NOBLE — A flock of ruddy ducks migrating south were overcome with sleet and landed on glistening roads in Noble and surrounding areas this weekend. 

Rondi Large, director of WildCare Foundation, said ruddy ducks generally migrate at night — just when the icy weather was coming through.

She said dark, wet roads glisten like a lake or pond, and when the ducks came in for a landing with iced-over wings and tail feathers, they hit pavement and kind of “crash dived.”

Some of the ducks had minor foot lacerations and beak wounds, but Large said, “luckily, most were just cold.”

So far, 24 of the stranded ducks have been brought to and treated by WildCare at 7601 84th St. in Noble.

Large said she received a call that more ducks were on their way in.

Ruddy ducks need water to build momentum and become airborne. So, since the birds landed on pavement, they’re literally sitting ducks.

Noble residents, including Austin Lee, have been picking the ducks up and taking them to WildCare for treatment prior to release. Lee rescued four of them and was trying to catch a fifth when a car deliberately ran over it in front of him, Large said.

These migratory ducks winter along the coast in bays or in unfrozen ponds and lakes. Oklahoma City, Norman and Noble are in the central flyway for birds that migrate south to warmer climes and into Mexico.

The volunteers at WildCare have treated and warmed the birds and will take them to Lake Thunderbird for release as a flock.

“The sooner we get them on their migration, the better off they’ll be,” Large said.

She encourages people who see the ducks to pick them up and bring them to WildCare.

“They do need to be picked up because they cannot fly, unless released in water,” Large said, adding that releasing them as a flock is ideal.

WildCare helps care for and rehabilitate wild animals that have been injured or orphaned. The nonprofit agency relies on donations to help animals.

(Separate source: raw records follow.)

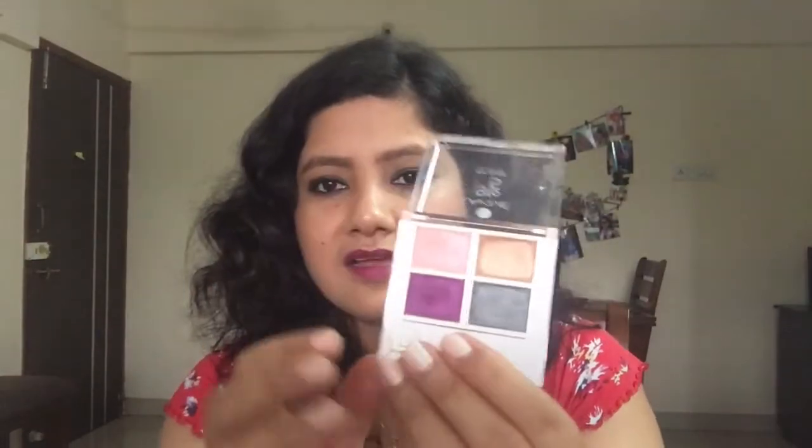The next product is the Lakme 9 to 5 Eyeshadow Palette, which I also reviewed in my mini haul. I'm loving all the shades — they're so pretty. In today's makeup tutorial I used the grey shade and the pigmentation is amazing. The purple and greyish metallic colors can be used for party wear. The pigmentation is great on all shades except the pink one. Give it a try.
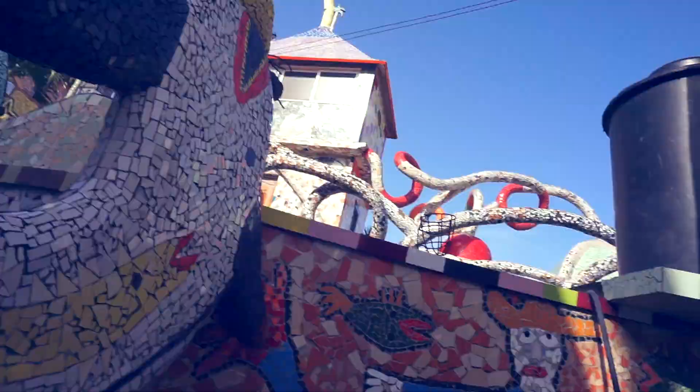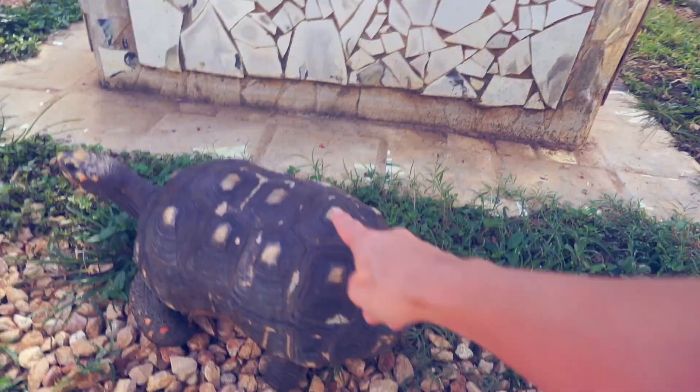This place is really, really nice. But it is also really, really cool.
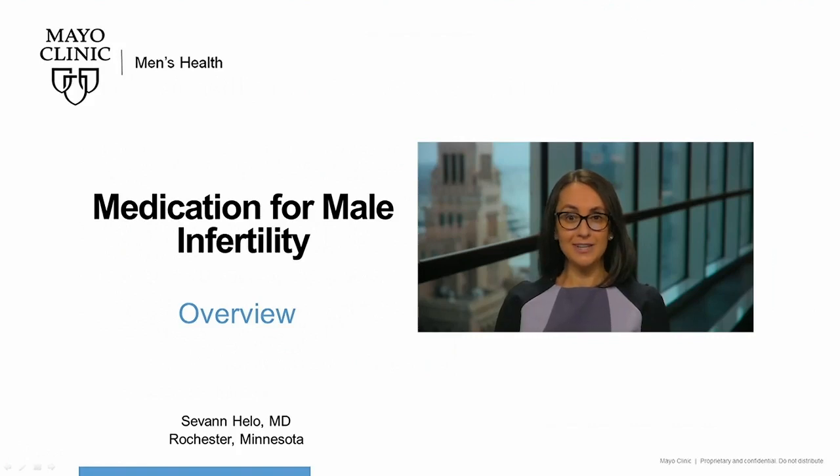Hi, my name is Dr. Savan Hilo, Head of Male Infertility at the Mayo Clinic in Rochester, Minnesota. In this Mayo Clinic Men's Health Moment, I'll discuss medications used to treat male infertility. I hope that you'll find this video useful.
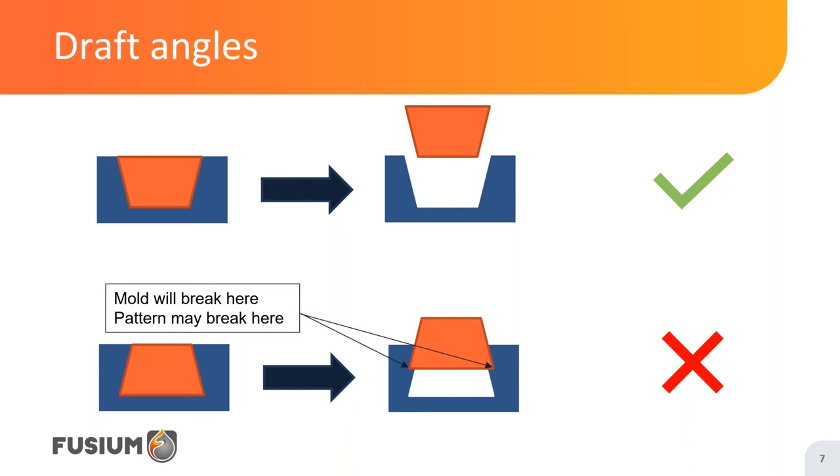A draft angle is a small angle on vertical surfaces in the mould. If the pattern is properly drafted, as shown on the top row, the pattern will easily come out of the mould, leaving a smooth cavity in the sand. On the other hand, if the surface is vertical, or even worse, if it has a backdraft as shown on the bottom row, the mould will break — and the pattern will probably break too.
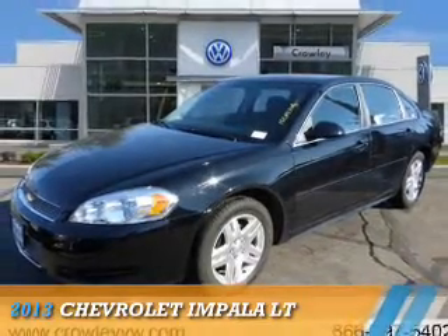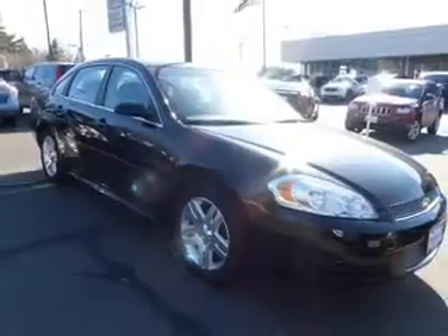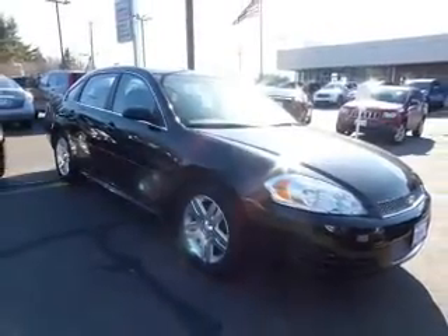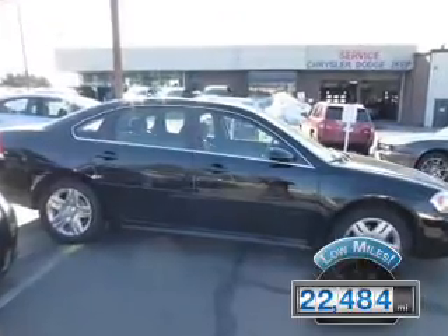Presenting the 2013 Chevrolet Impala. It's powered by Front Wheel Drive, a 3.6-liter, 6-cylinder engine. With fewer than 25,000 miles, this vehicle has a long road ahead.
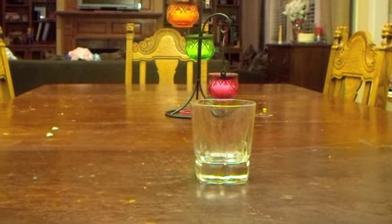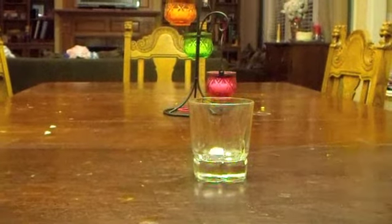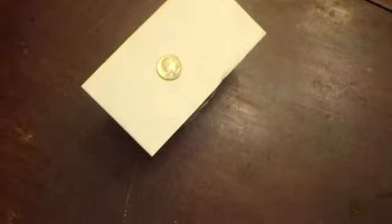The quarter dropped into the cup when the card slid out from underneath it. This is because the quarter has inertia. The index card was set in motion, but the quarter was at rest. Since there was no force acting on the quarter, it stayed at rest and dropped into the cup.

Currently, along with the ducks, two golden eagles are being treated at the facility. One had to have surgery to place pins in a broken wing, and the other is being treated for a bacterial infection.

WildCare’s ultimate goal is to release animals back to their natural habitats when possible.

Those interested in donating may do so by mailing contributions to WildCare Foundation, 7601 84th St., Noble, OK 73058, or by visiting wildcareoklahoma.org and using a credit card.